Again: the final step in the proof supplies 'instinctively' with the argument λe swim(e, eagle ∩ fly). The event variable associated with 'fly' is inaccessible within the intersection that yields the subset of eagles such that each eagle flies.
ReplyDelete
Replies
Olaf K.September 15, 2013 at 2:01 AM
Maybe I am missing something but I am not sure I would interpret this as an alternative to the structural explanation. Compositionality is not a purely semantic notion, but refers to the syntax-semantics mapping. So although you can formulate the interpretaion of (2) (and the absent interpretation of (2)) in semantic terms, that does not mean that there is no implied reference to structure. The event variable of 'fly' cannot be picked up by 'instinctively' because 'fly' is interpreted as modifying 'eagles' before 'instinctively' is interpreted. The crucial word here is 'before'. That implies hierarchy, and the semantic type mismatch is a consequence of it.
ReplyDelete
Replies
UnknownSeptember 15, 2013 at 6:22 AM
@Olaf. thanks for your interest. I paste below the reply of my friend and hope this answers your question. I also recommend that you ask Norbert [or Robert Berwick] for an equally detailed analysis of the internal structure of the example on the minimalist view and for suggestions how this structure is implemented in human brains [in other words, ask them to put their cards on the table as well]

---------------------------
This comment reflects a serious misunderstanding of the structure of logical proof, unfortunately a common misconception among people who do not actually work in the proof theory of formal logic. The 'order' of the proof is irrelevant to the fact that the conclusions are a theorem of the assumptions. The fact that p --> q and p entails q \/ r is simply a consequence of the way in which the proof steps verify the correctness of the sequent p --> q |- q \/ r. 'Before' and after refer to the way one verifies theoremhood. There are typically many ways to prove the same theorem in logic, all of them equally valid, though one can reify proofs as structured object and define normal forms and construct metatheorems, as in the work of Gabbay, Girard, and the study of proof nets; but that has nothing to do with the status of the theorems of first order logic themselves. And a proof in category logic, such as the one that is informally summarized in the previous note, works exactly like a natural deduction proof in propositional logic; \ and / are implication operators, and just as in standard proofs of theorems in (non)classical logics, the order of inference is simply a demonstration that the rules of the logic, which have themselves no order with respect to each other, guarantee and verify the entailment corresponding to the theorem. The writer seems to believe that if I have

p --> q |- p --> q, p |- p
-------------------------------- imp elim
p --> q, p |- q
-------------------------------- \/ intro
p --> q, p |- q \/ r
-------------------------------- imp intro
p --> q |- p --> (q \/ r)

then the theorem p ---> q |- p --> (q \/ r) depends on implication elimination applying 'before' implication introduction, or the inference p --> q, p |- q 'existing before' p --> q |- p --> (q \/ r).
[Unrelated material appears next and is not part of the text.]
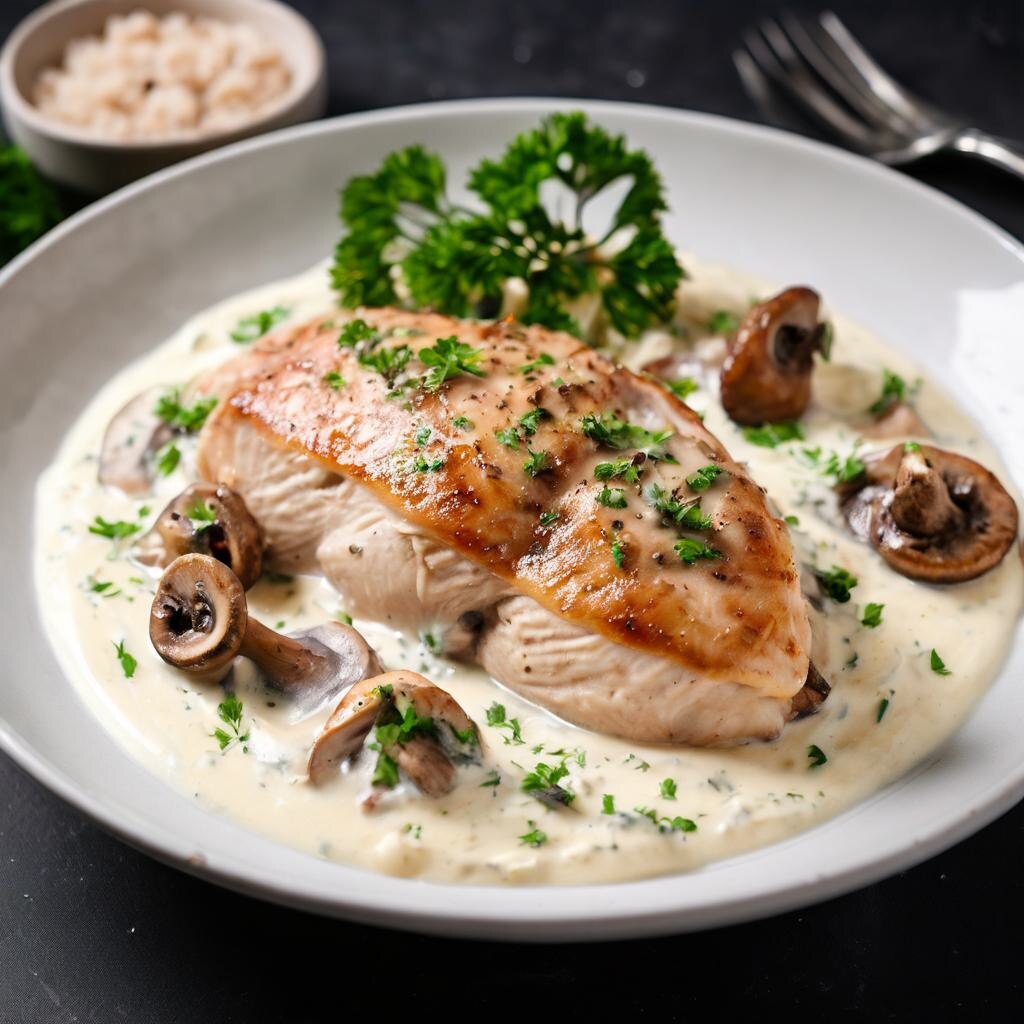 Индюшиная грудка в сливочном соусе с грибами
He needs to understand that that belief is incoherent: a logical proof applies inference rules in an order in any particular proof, but the order of the application of the rules has nothing to do with the theoremhood of the entailment relation between p and q when p |- q.
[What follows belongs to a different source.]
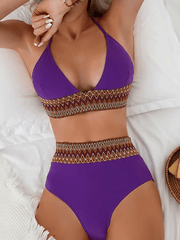Women's Art Hawaiian Contrast Print Tankini Swimsuit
What is established in the category logical proof sketched is that the logical structure of 'eagles that fly swim' is not an object that can be an argument of the functor 'instinctively'. It is the wrong type. And the model theoretic proof corresponding to the logical proof will show the same thing in terms of the algebraic interpretation of the proof terms. And since it is the identity of the category types of the lexical items involved which count as the axioms in the proof, and since the outcome determines that you wind up with a category S proof term just in case the resulting string has the interpretation it has, the structure of the string depends purely on the categories types of its words and the corresponding interpretations in a familiar model theory. Again, no structural assumptions are involved.
ReplyDelete
Replies
davidadgerSeptember 15, 2013 at 7:56 AM
Thanks Christina. I think that the proposal sketched slightly misses the point of the example, and within minimalism you'd say something more or less identical about the derivation of the right interpretation. The crucial point is to rule out a derivation, proof or representation, which gives you the wrong meaning. The proposal sketched makes the assumption that the position of instinctively in the string is a consequence of its lexical properties (that it is a predicate or modifier if event types) and that seems vey reasonable. But we also need to allow the system to relax that requirement to deal with examples like

1. 'how instinctively do scientists think that eagles (that fly) swim'.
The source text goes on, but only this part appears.